(AIM OF THE EXERCISE): Down to the last line below, repeat the entries word for word and drop the pictures.

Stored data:
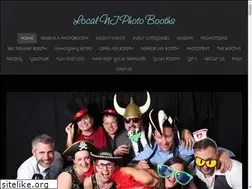 Sites similar to localnjphotobooths.com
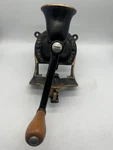 Antique Spong & Coffee Grinder London No 1 Made England Vtg Cottagecore. Fixed Price $50.00.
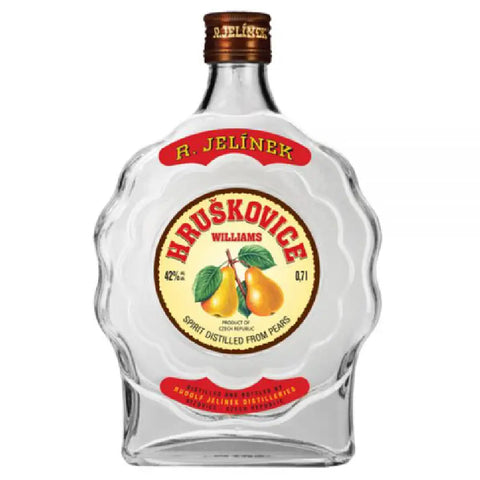 Jelinek Hruskovice Pear 700ml
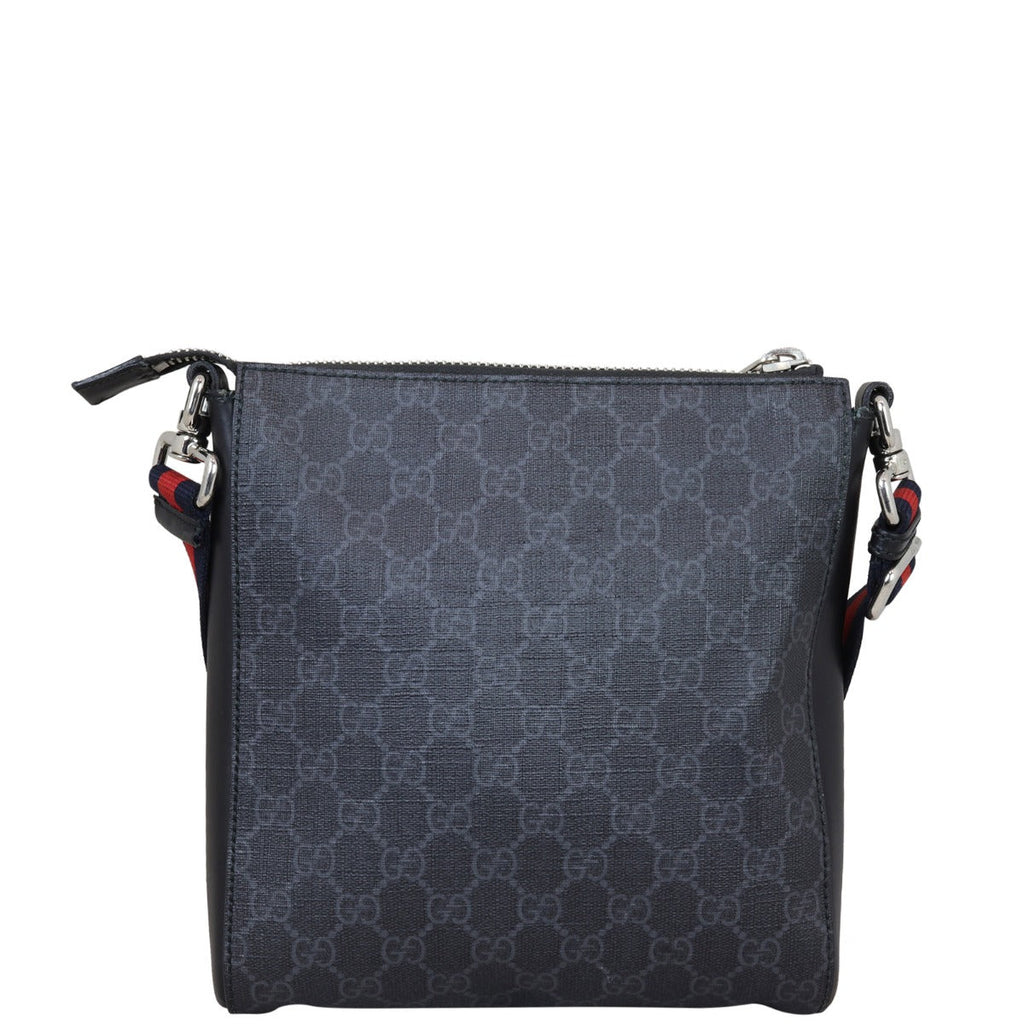 Gucci GG Supreme Messenger Bag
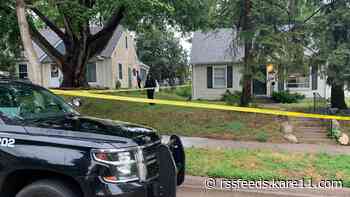 Police arrest suspect in domestic homicide in NE Minneapolis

(RESPONSE):
 Sites similar to localnjphotobooths.com
 Antique Spong & Coffee Grinder London No 1 Made England Vtg Cottagecore. Fixed Price $50.00.
 Jelinek Hruskovice Pear 700ml
 Gucci GG Supreme Messenger Bag
 Police arrest suspect in domestic homicide in NE Minneapolis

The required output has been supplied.